Well, it was good to be back again, Toby thought as, spurning carriages and valiantly lugging their bags, they set off along the road to school. Oxford Hall, imposing and a bit grim by reason of its gray granite walls, met their sight first as they left the tiny village and started up the hill. At the top of the tall pole in front the flag was snapping in the brisk breeze. Merle Hall, the home of the Preparatory Class boys, peered around the corner of Oxford, almost frivolous by comparison with its red brick and limestone trimming. A moment later, following the road to the right at the beginning of its wide swing around the base of the Prospect, as the plateau was called, other buildings came into sight: Whitson, like Oxford, of granite; Clarke, a replica of Merle; and, just showing between the other buildings, Dudley Hall, the exclusive residence of the graduating class. The buildings at Yardley follow the curve of the Prospect, forming a somewhat stunted letter J, with the Kingdon Gymnasium, out of sight from the road, doing duty as the tip of the curve and Dudley set in back like a misplaced dot. From the gymnasium the ground slopes gently back to the river, and there is the playing field and the boat house and landing and, further beyond, a fair nine-hole golf course. Across the river from the field lies a wide expanse of salt meadow known as Meeker’s Marsh. A little way upstream is Flat Island and a little further downstream is Loon Island. And not far from Loon Island is the footbridge that connects Wissining with Greenburg and the railway bridge across which trains dash or trundle at almost every hour of the day or night. From the bridges the little river runs fairly straight to the Sound, a mile or so away.

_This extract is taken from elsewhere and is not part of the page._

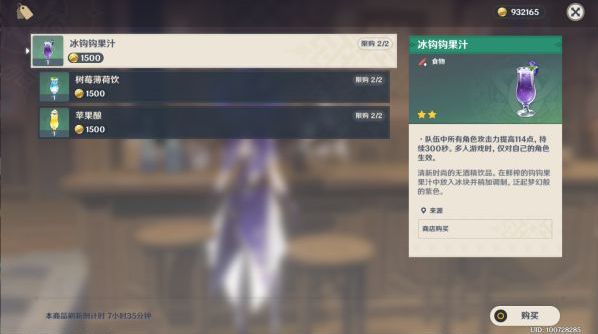 原神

But we have got far from the two boys who, bags swinging—and beginning to feel extremely heavy by now—are breasting the last slope of the well-kept roadway. The old gray granite front of Whitson greets them and Arnold, followed by Toby, seeks the portal and climbs the worn stairs to the second floor. There, while Arnold unpacks his bag, Toby lodges himself on the window-seat and, hugging his knees, talks and gazes off over the tops of the trees to the sparkling waters of the Sound and feels for the moment very glad to be back there and very determined to study hard all through this new term. And presently Homer Wilkins bangs the door open and comes in dragging a big kit-bag and conversation becomes ejaculatory and somewhat noisy, and questions and answers tumble over each other. Wilkins, who shares Number 12 with Arnold, is a big, jolly looking chap of seventeen, a third class boy who should be in the second but who never has time enough to do the necessary amount of studying. Another train reaches the station and another influx of returning students comes up the hill, and Arnold and Toby and Homer squeeze their bodies half out the window and hail them. And soon after Toby takes up his bag again and climbs the last flight and finds himself once more in his little room under the slates, with the frayed armchair and the wardrobe whose doors won’t stay shut unless wedged and the old worn-out rug and—yes, a distinct odor of benzine!